Europe & Asia were strongly performing regions for this business group in the third quarter and there is an exciting period of activity across the brands. At Bvlgari, its emblematic lines Serpenti, Diva and B.Zero1, continue their solid performance while the launch of its new High Jewelry line Festa brings great excitement. Chaumet relaunched its emblematic jewelry line Liens with success. Fred added to its successful 8°0 bracelet collection. TAG Heuer celebrated more than 150 years of its history with an exhibition, Heuer Globetrotter in 10 markets around the world.

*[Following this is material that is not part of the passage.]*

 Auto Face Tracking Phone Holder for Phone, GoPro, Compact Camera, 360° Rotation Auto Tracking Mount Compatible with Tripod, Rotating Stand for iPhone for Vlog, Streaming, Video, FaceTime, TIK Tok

And to celebrate Ferrari’s 70th anniversary, Hublot launched the Hublot Techframe Ferrari 70 years Tourbillon Chronograph. Lastly in this business, Zenith launched its new Defy Lab model, the world’s most accurate mechanical watch, thanks to a groundbreaking oscillator. Watch lovers around the world are quite excited by this. Turning to the last business group, Selective Retailing delivered organic revenue growth of 12% in the nine-month period, after taking into account a positive 1% currency impact, reported revenue rose €9.34 billion or a 13% rise compared to the prior year period. For the third quarter, organic revenue grew 14% compared to the year ago period.

And taking into account a negative 5% currency impact, reported revenue increased 9% to reach €3.06 billion. To take a more in-depth look, starting with Sephora, as I mentioned earlier, its impressive performance continues with rapid growth in Asia and the Middle East in particular. Online sales remained strong and its pioneering digital technologies are increasingly integrated into its stores, making them true destinations. In Spain, Sephora rolled out two digitally enriched stores following a success of this concept in France, in Boston it opened its first Sephora studio, a smaller store concept for an urban location with a more curated selection of products and services. And again Fenty by Rihanna is as I say, on fire in Sephora.

Now looking at DFS, we are glad to see a confirmed recovery in Macau and Hong Kong where we will soon at the end of November, terminate our unprofitable airport concession there. Finally, T Gallerias in Cambodia and Italy are developing nicely. We now reach the end of our prepared remarks. So to summarize, the third quarter continued the solid performance we had seen since the end of last year with all business groups contributing to the growth trend. While we are starting to see some impacts from currency, from supply constraints and the comparison base, we remain cautious and careful in the uncertain global economic and political environment and note that we are up against much tougher comparisons in the fourth quarter.

But we remain clearly focused on increasing our leadership position in the global luxury goods market. We will work to achieve this, as always, through our strategy of driving creativity and innovation to deliver high quality products and selectively expand our store base, while closely managing costs. Thank you. Jean-Jacques and I will now take your questions. Ron, could you open the line, please.

Operator: [Operator Instructions] And we have first question from Zuzanna Pusz from Berenberg.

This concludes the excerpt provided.